In a trio of stories that parallel her father’s real life as a fox farmer, Munro explores the distinctive gender roles found within the house versus outside it, as seen through the eyes of the young narrators. Mysterious and inexpressive, rational and work-oriented, their fathers are far more appealing to these girls than are their mothers, who tend to be fussy, opinionated, and overly chatty. In “Images,” the narrator shares a quiet bond and tacit understanding with her father as they fetch rat traps along the Wawanash River. He will not condescend to her about being careful where she steps, and she will not pester him with questions about what they’re doing. In “Walker Brothers Cowboy,” a fox farmer turned traveling salesman takes his daughter on a surprise tour of the countryside. At one house, she observes an unwelcoming customer nearly douse him with a chamber pot of urine; at another, she meets a woman whom she slowly understands to be her father’s former sweetheart. The excursion offers her a break from her routine of chores and acquaints her with a sense of possibility and danger previously unavailable to her.
Even as their fathers offer glimpses into a masculine world less fettered to decorum, the girls’ mothers continue to enforce standards of domesticity. The narrator of “Boys and Girls,” a proud apprentice to her father’s pelting operation, resists her mother’s ongoing campaign to smooth out her rough exterior, saying that she “continued to slam the doors and sit as awkwardly as possible, thinking that by such measures I kept myself free.” Yet the pressure to conform is ultimately too much to overcome: When her grandmother and younger brother join the efforts to keep her in line, the narrator ruefully concludes, “A girl was not, as I had supposed, simply what I was; it was what I had to become. It was a definition, always touched with emphasis, with reproach and disappointment.”

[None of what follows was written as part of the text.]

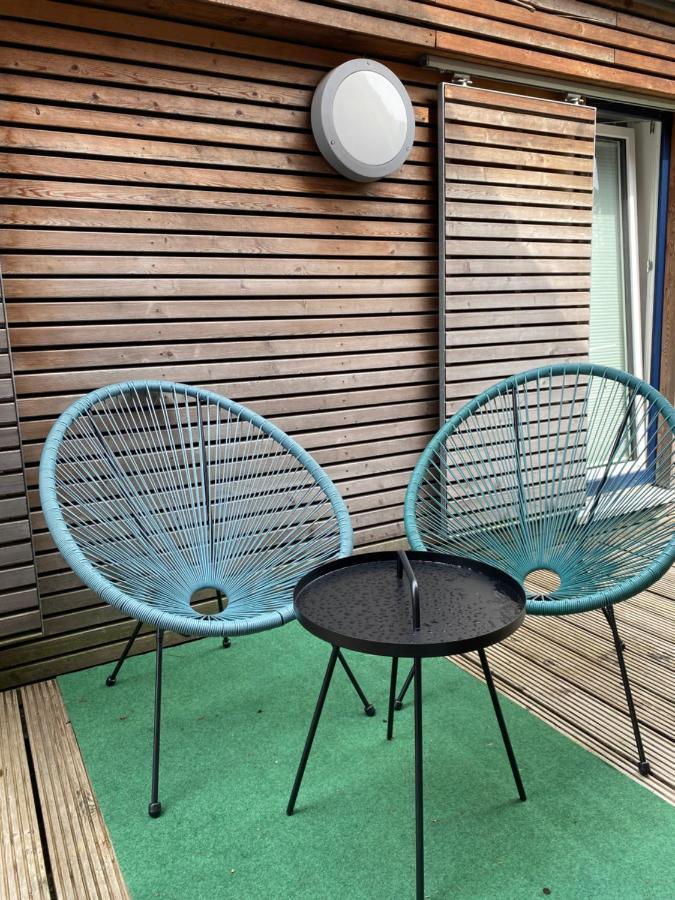 Apartamento Susewind Bad Segeberg Exterior foto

From story to story, one feels a sustained longing for independence. The desire to speak up—the aching need to call out personal or social injustice—struggles against the heavy weight of collective standards. This pressure is felt more keenly by Munro’s older protagonists, who face heightened stakes in their opposition and ever-greater consequences for failure. In “The Shining Houses,” a young mother, Mary, admires her elderly neighbor precisely because the old woman is “so unaccommodating.” Yet when an assembly of parents circulates a petition to chase the old woman off her property, which they consider an eyesore, Mary is unable to make her own convincing stand. She walks out on the group in weak defiance, knowing that she has succeeded only in alienating herself from the community.

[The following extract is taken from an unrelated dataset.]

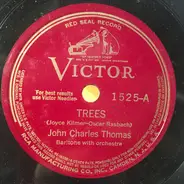 John Charles Thomas - Trees / Home On The Range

For Mary, as with many of Munro’s other women, translating frustration into effective action proves to be a daunting, if not impossible, task. A voice raised in anger is often silenced; a sense of resolve is quickly snuffed out. That pattern repeats itself in “Postcard,” when a young woman learns that the man courting her over the years has gotten married behind her back. Her mother blames her for having been physically intimate with him short of actual marriage (a judgment he is spared), while the man himself, when she publicly confronts him, chastens her again by a show of complete indifference. Too late, she recognizes him as “a man that goes his own way,” and that she, as a woman, will never be afforded that same privilege.